Confidence Intervals. Why Just One Sample?

TheStatProf

New Member
A typical problem in a Stat Textbook for creating a confidence Interval sounds like this: A sample of 50 blood pressures is taken and the sample has a mean of 120 with a standard deviation of 5. Construct a 95% confidence interval. What troubles me is that only one sample is enough. Intuitively, would it not be better to take numerous samples of size 50 and use the mean of the sample means, as well as the std dev of the sample means?

hlsmith

Not a robit
Thestatprof,

Do you recall the written definition of the confidence interval?

ondansetron

TS Contributor
A typical problem in a Stat Textbook for creating a confidence Interval sounds like this: A sample of 50 blood pressures is taken and the sample has a mean of 120 with a standard deviation of 5. Construct a 95% confidence interval. What troubles me is that only one sample is enough.

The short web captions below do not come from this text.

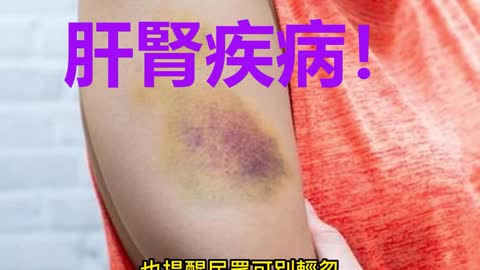 「不明瘀青」 肝腎疾病！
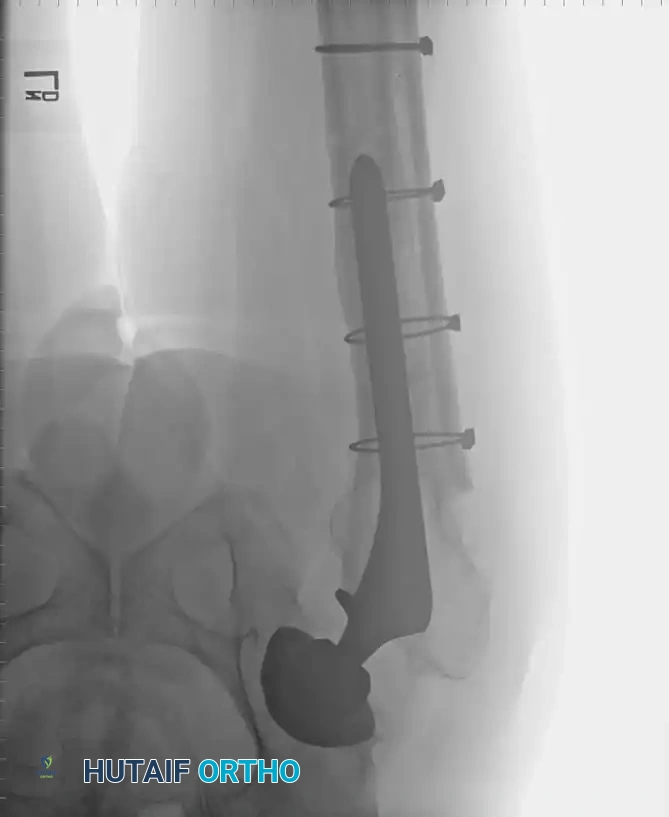 Hutaifortho's Orthopaedic Diagram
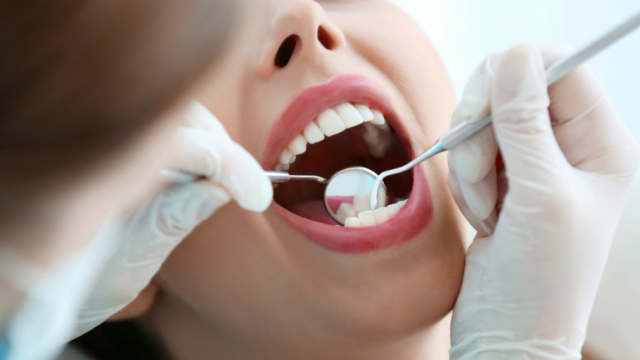 Cara Menjaga Kesehatan Gigi dan Gusi yang Benar Menurut Pakar Kesehatan!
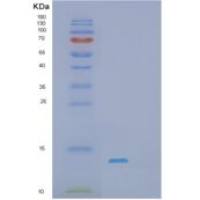 人S100钙结合蛋白A10(S100A10)重组蛋白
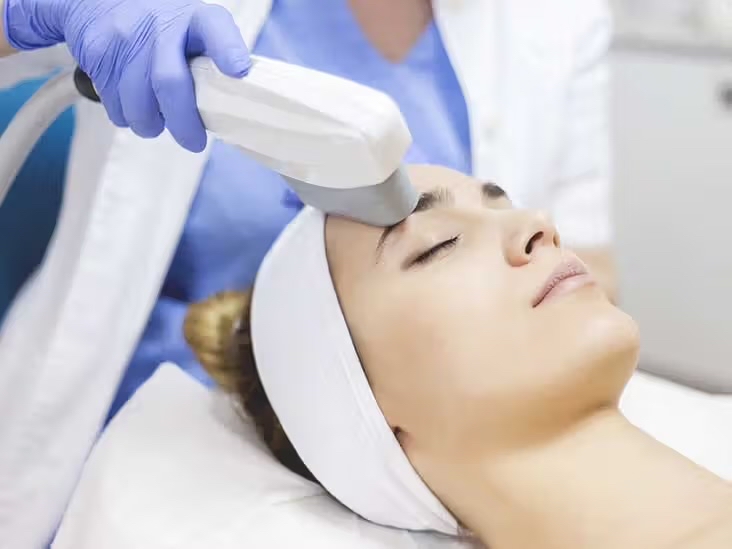 IPL Laser Facial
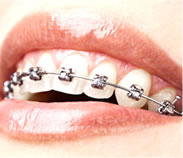 Types of Braces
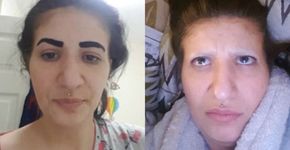 Em vídeo, britânica perde sobrancelhas após usar colorante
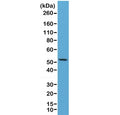Western blot of human HeLa lysate using recombinant CK7 antibody at 1:2500. Predicted molecular weight ~51 kDa.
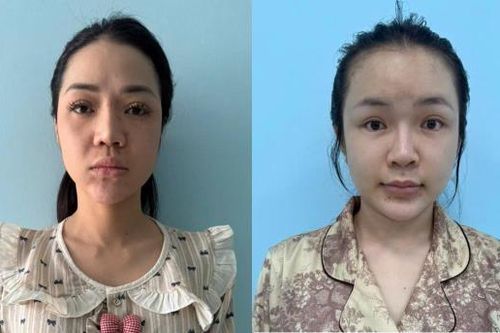 Lần theo dấu vết 'ảo', bóc gỡ đường dây ma túy trên mạng xã hội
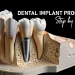 Dental Implant Process Step By Step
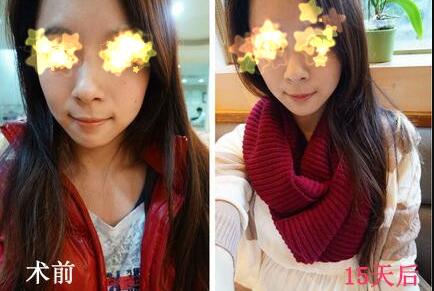 玻尿酸填充法令紋恢復兩周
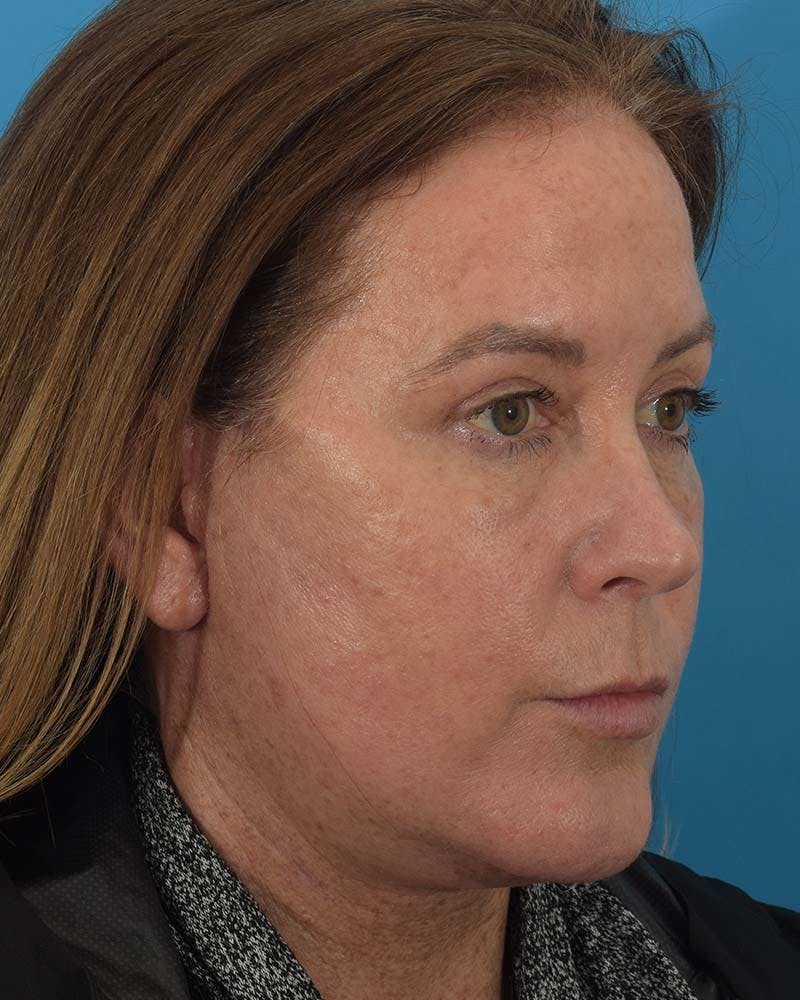Facelift/Neck Lift Before & After Gallery - Patient 121543975 - Image 4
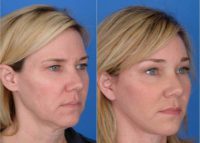 45-54 year old woman treated with Facelift and Endoscopic Browlift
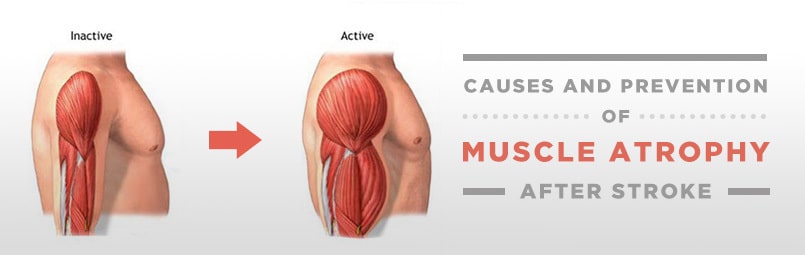 Causes And Prevention Of Muscle Atrophy After Stroke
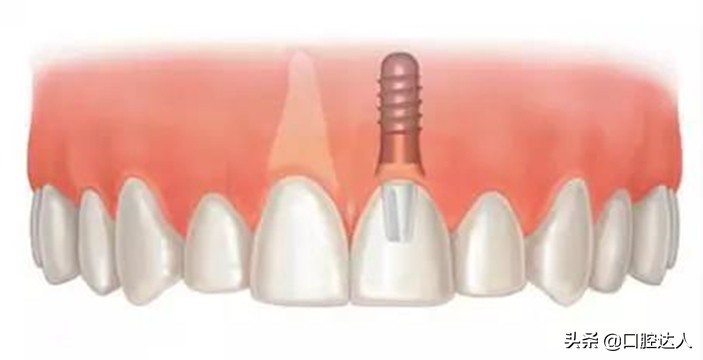 不是我吓你，掉1颗牙不管，周边3颗牙要遭殃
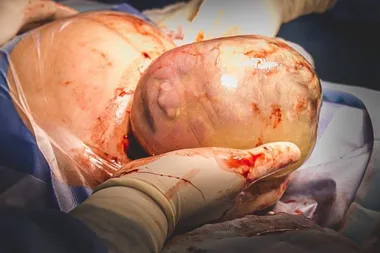 Incredible images show rare one in 100,000 birth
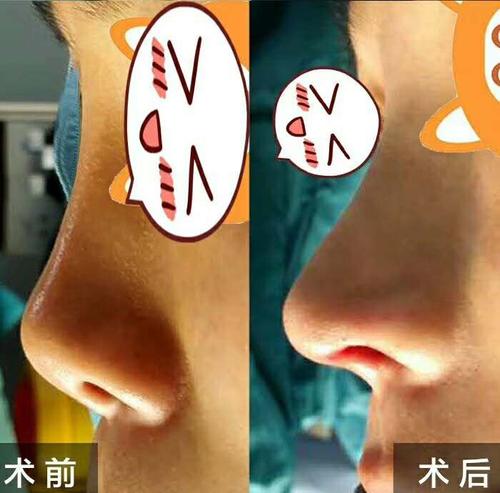 2020年中国鼻修复专家排名 2020年国内最好的隆鼻修复医生预约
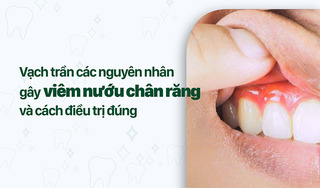 'Vạch trần' các nguyên nhân gây viêm nướu chân răng và cách điều trị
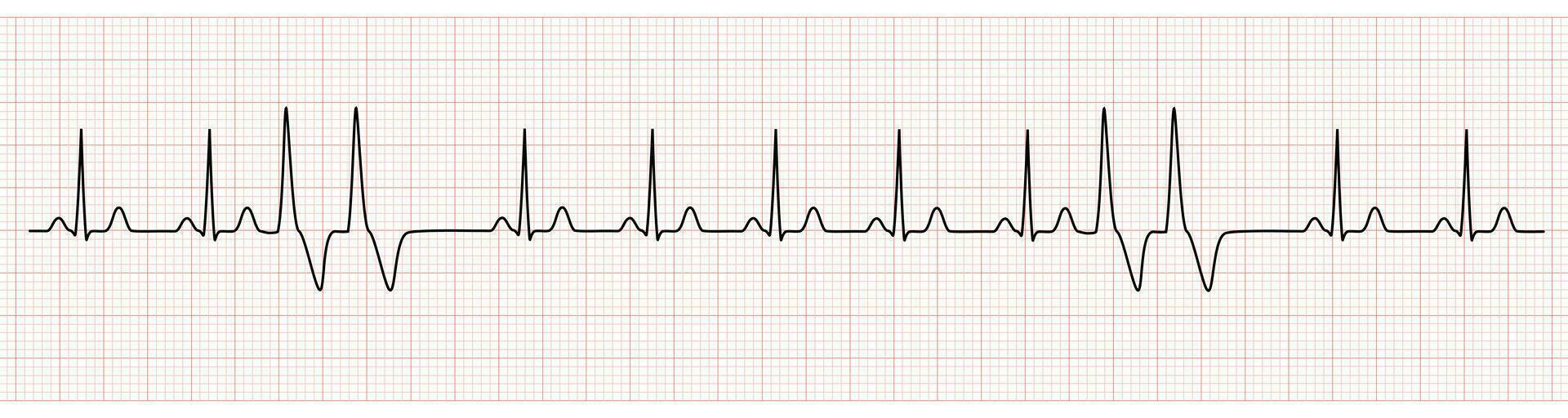 EKG Monitor Showing  Sinus Rhythm with Couplets PVC vector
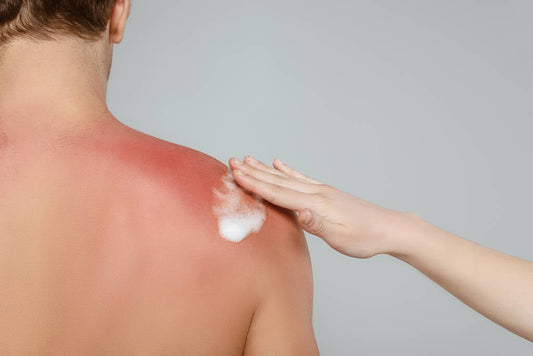 What to Use After Laser Treatments? A Nature-Based Approach to Post-Procedure Skin Relief
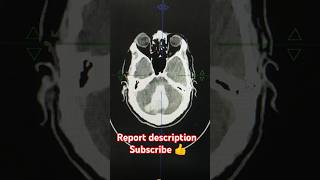 ncct head pathology detail report description radiology anatomy pathology hemantkushwah3453 [upl. by Loralee]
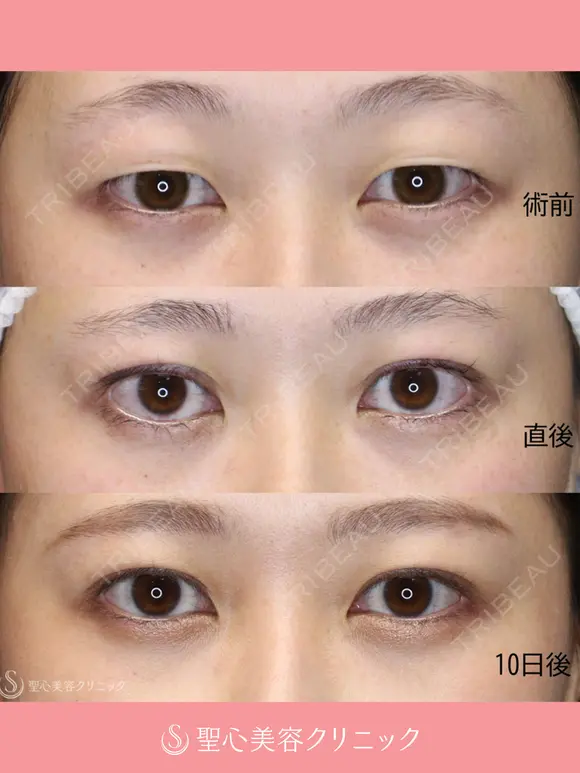 【20代女性】二重術（埋没法）：マイクロメソッド+α（10日後） 10日後 メイン用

Intuitively, would it not be better to take numerous samples of size 50 and use the mean of the sample means, as well as the std dev of the sample means?
Ideally, we would just obtain the population data and we wouldn't need a CI, but we can't, and it's also not very practical to truly take repeated samples. The assumptions behind the interval generation (random, representative sample from an approximately normal distribution, or from a sample large enough to have a relatively normal sampling distribution, for example) allow us to benefit from good properties of the method. Additionally, you can use resampling techniques to simulate what you've described. The results can be quite accurate.

Dason

Ambassador to the humans
If we were able to take lots of samples of size 50 why wouldn't we just take one big sample of size (number of samples of size 50 we could take)*50?

If you think your approach is better than one big sample would you consider breaking a single sample of size 50 into 50 samples of size 1 to be a better approach?